Was die rund 750 000 Migrantinnen in der Schweiz an ihrem eigenen Leib erleben, bestätigt eine Studie, welche die Berner Geografin Yvonne Riano zusammen mit Nadja Baghdadi und Doris Wastl-Walter im Rahmen des Nationalen Forschungsprogramms 51 «Integration und Ausschluss» geführt hat.
Mehrheit mit Uniabschluss
Die Studie zeigt: Entgegen aller Vorurteile sind viele Migrantinnen aus lateinamerikanischen und arabischen Ländern gut ausgebildet. Die Mehrheit hat einen Universitätsabschluss. Dennoch sind sie schlecht in den Schweizer Arbeitsmarkt integriert. Kommen die Migrantinnen in die Schweiz, sprechen sie oft nicht sehr gut deutsch – es entsteht der Eindruck, sie seien nicht intelligent. Dabei sprechen sie oft mehrere Sprachen und haben internationale Berufserfahrung. Trotzdem können die Migrantinnen diese Fähigkeiten nur selten einbringen. Ein Drittel von ihnen ist nicht erwerbstätig, die Hälfte hat eine Stelle weit unter ihren Qualifikationen und arbeitet Teilzeit. Nur etwa zehn Prozent finden eine Stelle, die ihrer Ausbildung entspricht.
Mundart als Barriere
Migrantinnen treffen auf mehrere Hindernisse. Ihre Diplome, Abschlüsse und Berufserfahrungen werden oft nicht anerkannt. Die wenigsten können es sich finanziell leisten, die Ausbildung in der Schweiz zu wiederholen. Dass in der Deutschschweiz Mundart gesprochen wird, erschwert die berufliche Integration zusätzlich. Und wie die meisten Frauen stehen Migrantinnen vor dem Problem, Arbeit und Familie unter einen Hut zu bringen.

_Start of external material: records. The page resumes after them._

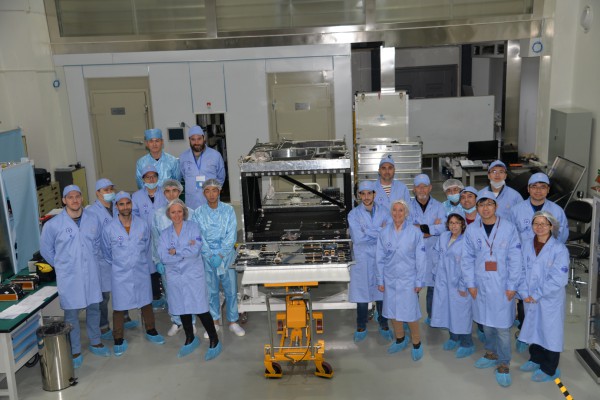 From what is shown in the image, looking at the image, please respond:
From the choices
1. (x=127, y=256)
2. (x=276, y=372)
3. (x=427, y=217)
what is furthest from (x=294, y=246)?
(x=127, y=256)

Um die Situation zu verbessern, sollten Migrantinnen ihre berufliche Zukunft besser planen, sich weiterbilden und sich politisch, beruflich und privat vernetzen, empfehlen die Autorinnen der Studie. Vom Staat fordern sie einheitliche Instanzen und Richtlinien, um die Anerkennung der ausländischen Diplome zu regeln, und bessere Angebote in der Kinderbetreuung. Nützlich seien zudem Stipendien und spezifische Weiterbildungsangebote.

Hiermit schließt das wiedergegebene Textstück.